Monday, July 25, 2011

Maybe the Word "Sanctuary" Doesn't Mean What I Think It Means

Leasing allowed in oyster sanctuaries
The Maryland Department of Natural Resources is preparing to open up areas within newly established oyster sanctuaries for aquaculture leasing.

More information should be available soon, said Mike Naylor, DNR shellfish program director, that will let watermen and others lay claim to waters within the state's thousands of sanctuary acres. The state has pushed to shift the dwindling oyster harvest from public bars to aquaculture, in which watermen grow their own oysters, either on the water's bottom or in floating cages.

"A lot of our sanctuaries already have leases in them," Naylor said. Existing leases, like two within the St. Mary's River, were grandfathered into an oyster management plan that went into effect last year.

A change in the law this year will allow for new leases within certain areas of oyster sanctuaries.

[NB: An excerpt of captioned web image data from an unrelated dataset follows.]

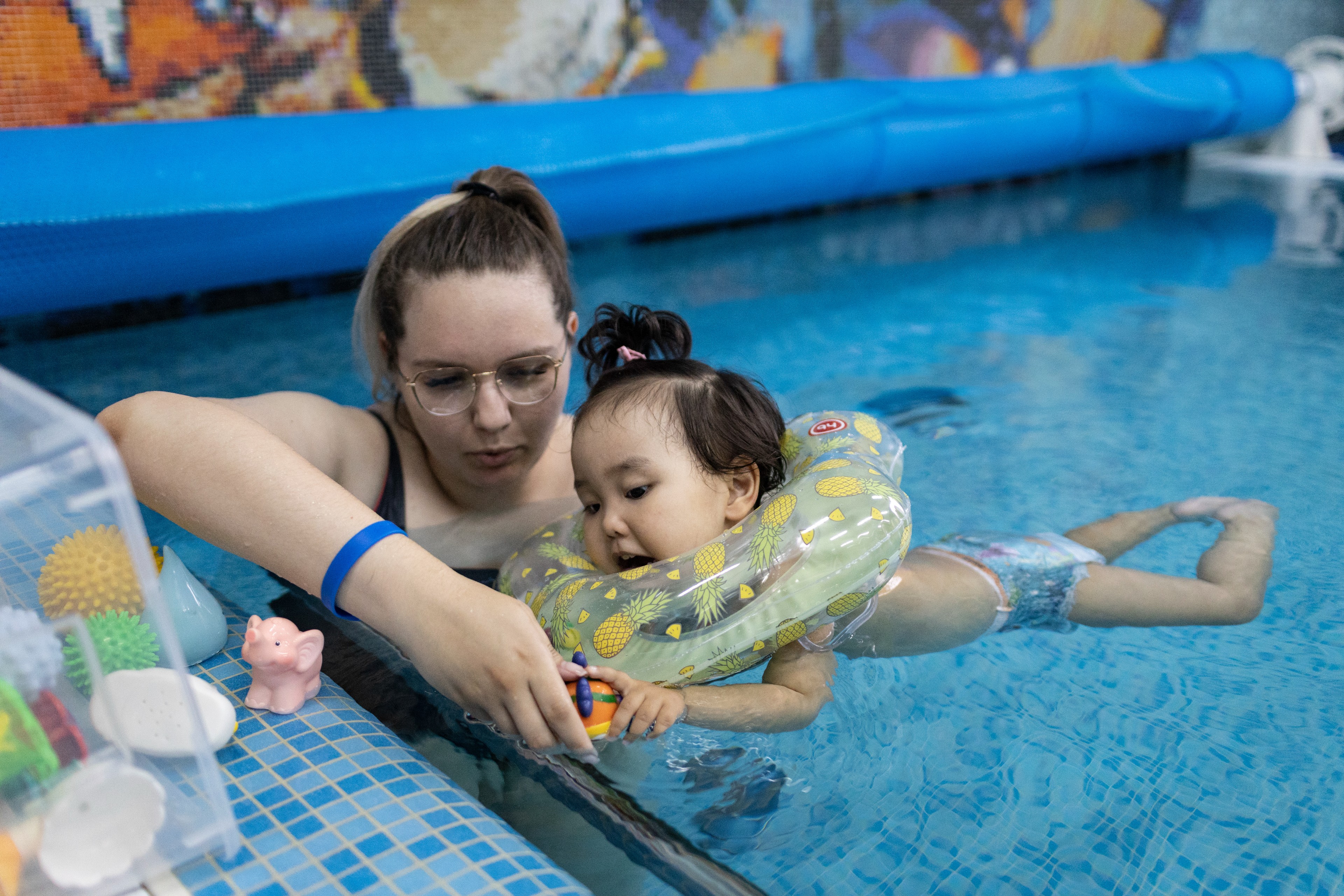 Eine junge Frau spielt mit einem Kleinkind mit Schwimmreifen in einem Schwimmbecken
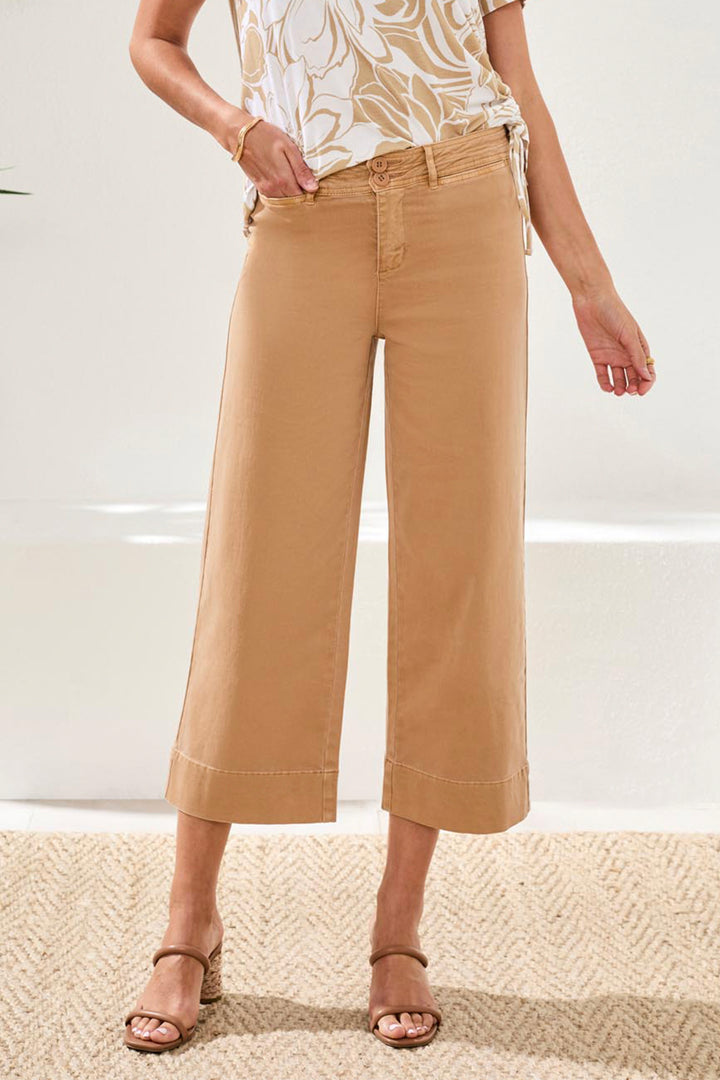 Person wearing beige wide-leg pants and a patterned top on a neutral background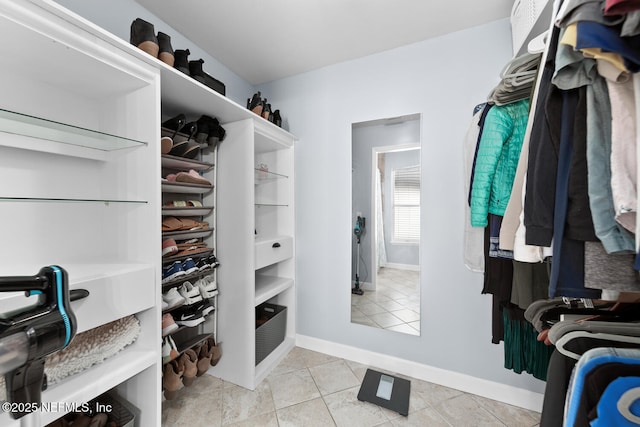 walk in closet with light tile patterned floors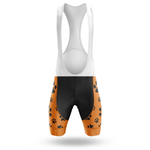The 11th Armored Cavalry Regiment Men Short Sleeve Cycling Set features bib shorts with a white upper, orange leg panels, black paw print patterns, and a black lower front. The design is shown on a white background and complements the Chicago flag cycling kit.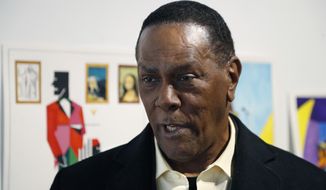 In this Thursday, Jan. 17, 2019 photo, Richard Phillips stands next to some of his artwork during an interview at the Community Art Gallery in Ferndale, Mich. Phillips was exonerated of murder in 2018 after 45 years in prison. Lawyers say he should be entitled to more than $2 million under Michigan&#39;s wrongful conviction law, but the state so far is resisting. So Phillips, 73, is selling some of his 400-plus watercolors that he painted in prison. (AP Photo/Carlos Osorio)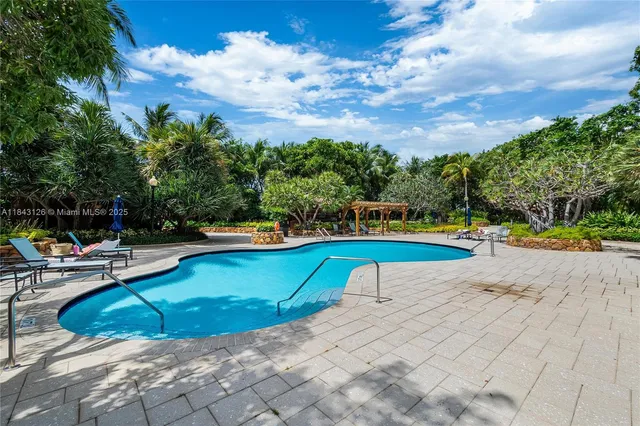 a view of swimming pool with lounge chair
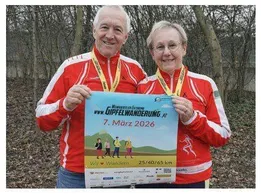 Zwei ältere Personen in passenden roten Jacken halten ein Banner für den Gippelwanderunning-Event am 7. März 2026. Sie tragen gelbe Medaillen und lächeln in einer Waldumgebung.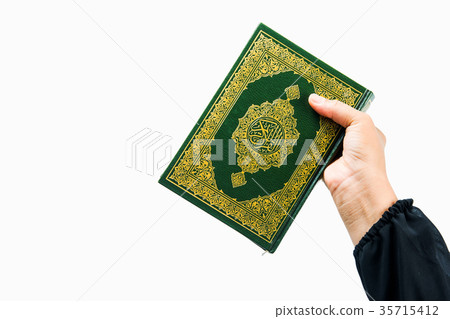 Koran in hand ,Quran in hand - holy book of Muslim 35715412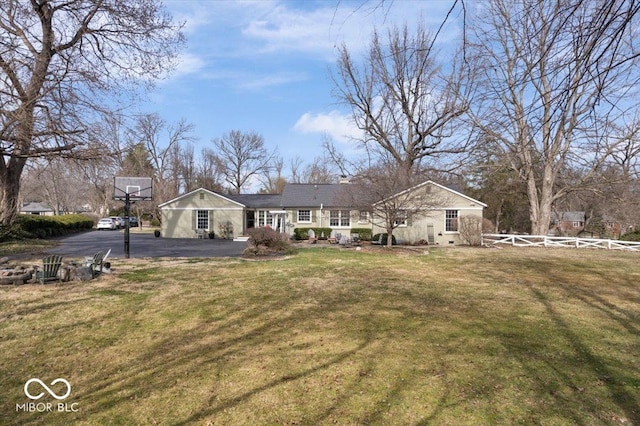 exterior space featuring aphalt driveway, a front yard, and fence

Naylor said it was never the state's intention to stop people from raising oysters and harvesting their own within a sanctuary. Throughout the oyster management plan, sanctuaries are often defined as prohibiting the harvesting of wild oysters.

About 24 percent of what the state deemed as the remaining quality habitat for oysters was mapped out as sanctuaries under the new plan, making the areas off limits to public harvest.
While I'm all for oyster aquaculture in Chesapeake Bay, I think that a sanctuary should be some place where native oysters are allowed to grow unmolested, not a place where watermen set out their cages to grow oysters for harvest, or to lay oysters on the bottom for growth and subsequent harvest.